_Task prompt:_
Repeat the listing exactly. Do not carry over any pictures.

_Given data:_
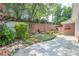Backyard with a mini-golf setup, beautiful plants, stone wall, and privacy at 10280 Medridge Cir, Johns Creek, GA 30022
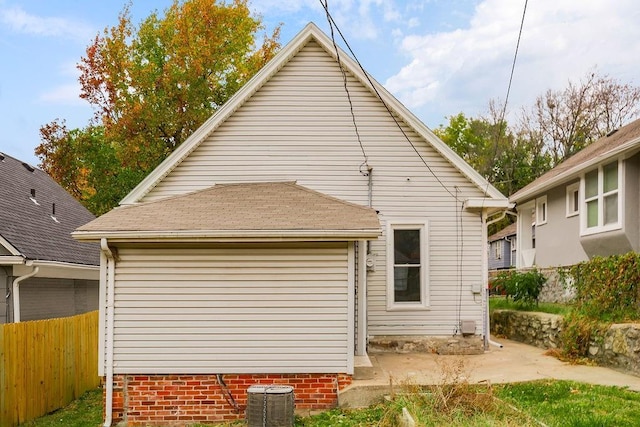 rear view of house with central air condition unit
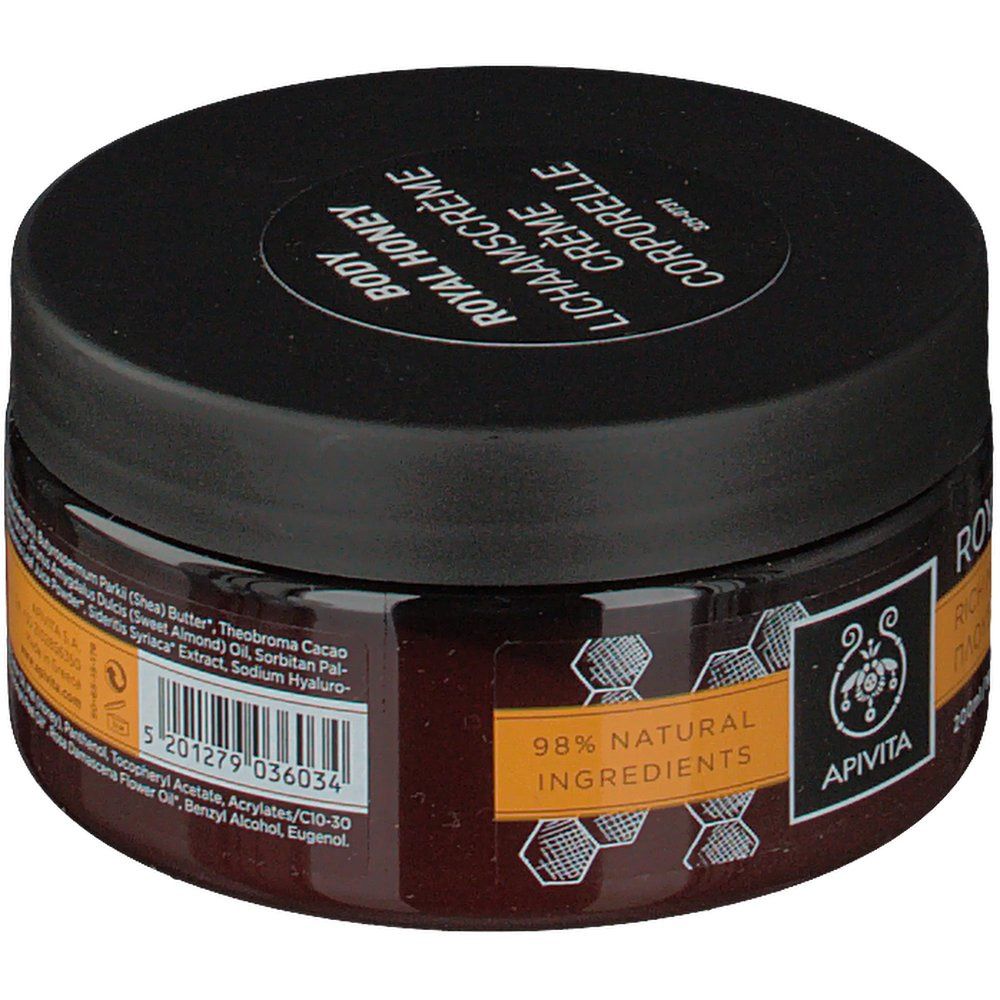 Pot rond Apivita Body Creme Hydratante Royal Honey. Couvercle noir, verre brun. Inscription: Royal Honey, 98% ingrédients naturels.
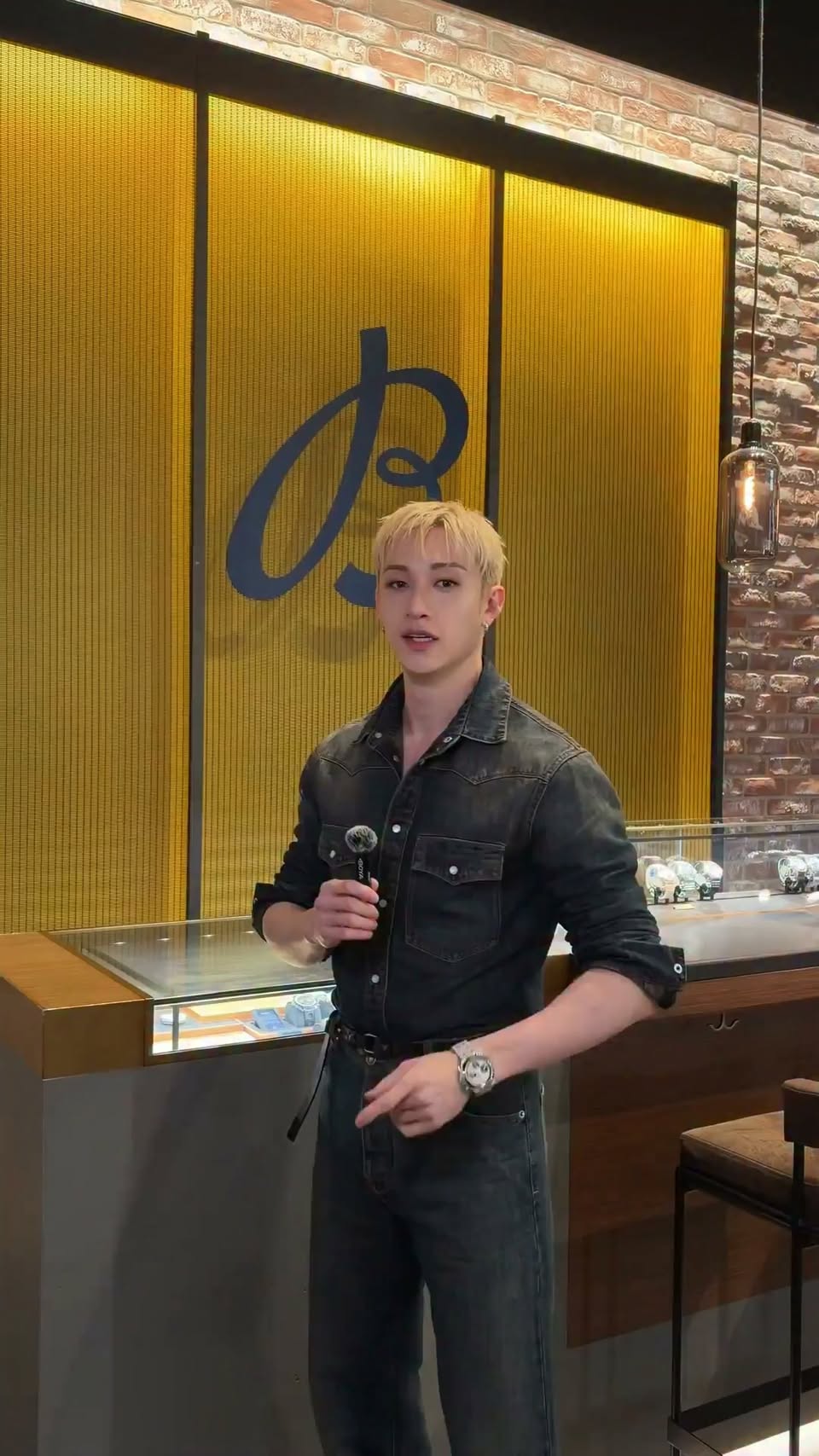 Bang Chan at Breitling F1 Pop-Up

_The completed task:_
Backyard with a mini-golf setup, beautiful plants, stone wall, and privacy at 10280 Medridge Cir, Johns Creek, GA 30022
 rear view of house with central air condition unit
 Pot rond Apivita Body Creme Hydratante Royal Honey. Couvercle noir, verre brun. Inscription: Royal Honey, 98% ingrédients naturels.
 Bang Chan at Breitling F1 Pop-Up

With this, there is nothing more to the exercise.